I need a beer. Or a perception-altering equivalent. This shit’s unbearable…cramped spaces, I mean.
Riding in a plane sucks. Flying? That’s probably incomparably freeing. But no in-air six dollar movie (with brightness controls!) or extra-thick seat padding can derail passengers’ thoughts from the head-splitting drone of the engines, the smells of people, and the ball-crushing cramped space. Jesus. In my head I’m bouncing around the plane interior, laughing maniacally. Yeah, Roger Rabbit’s always been a hero of mine.

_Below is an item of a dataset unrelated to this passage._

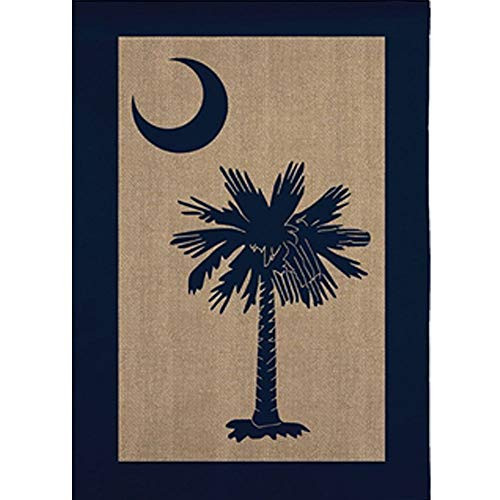South Carolina Palmetto Garden Burlap Flag - 13 x 1 x 18 Inches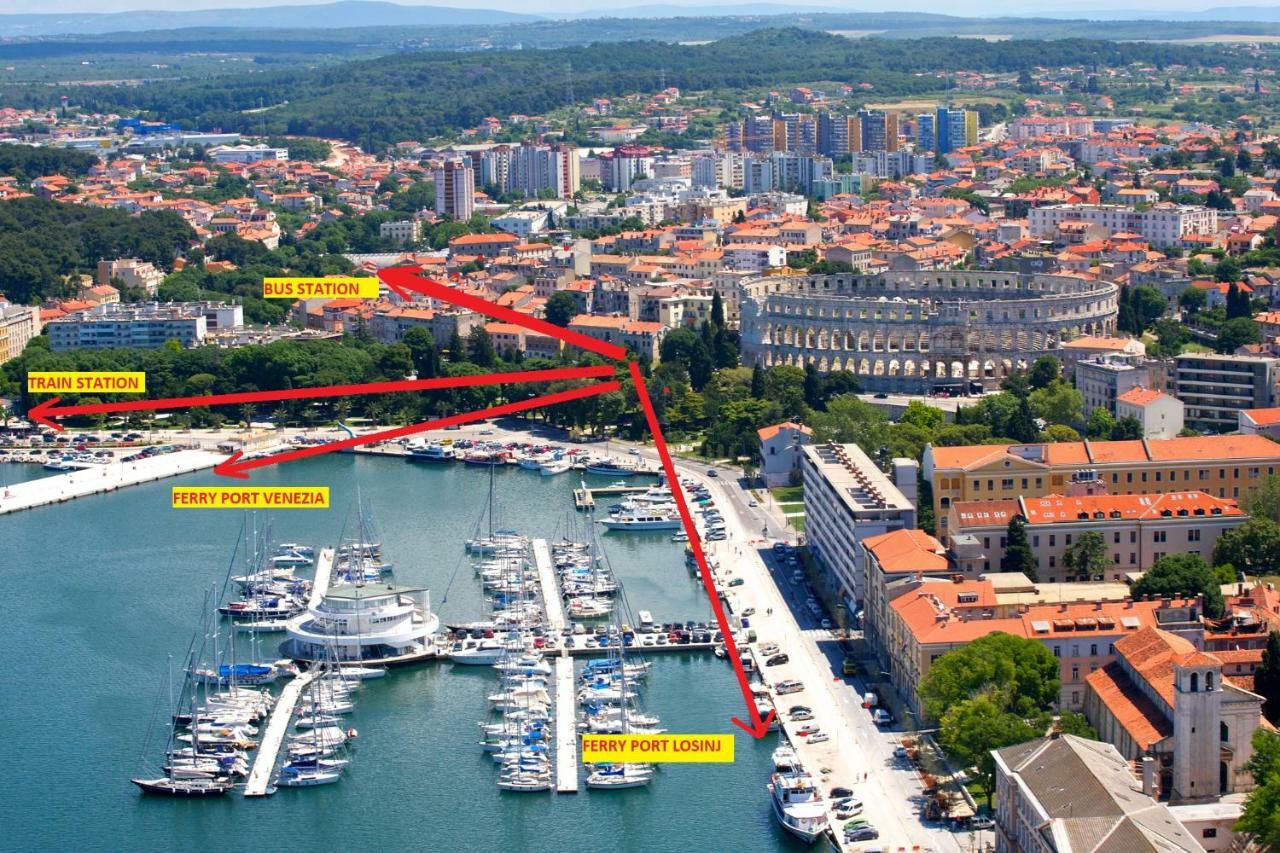 Apartments Arena Póla Kültér fotó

Turbulence. This is the worst I’ve experienced. No one’s panicking. I’m chewing on the notion of this, like most things, being both good and bad. Do the saps remain calm because they’re confident in the safety afforded by electronic doohickeys and Major Strongchin Redhair pilot? Or do they all subconsciously accept death, and prefer to go down reading the weather section of their favorite rag? Let’s go with the former, only because I don’t want to live in a world where the elemental schedule’s more important than conversation and fucking.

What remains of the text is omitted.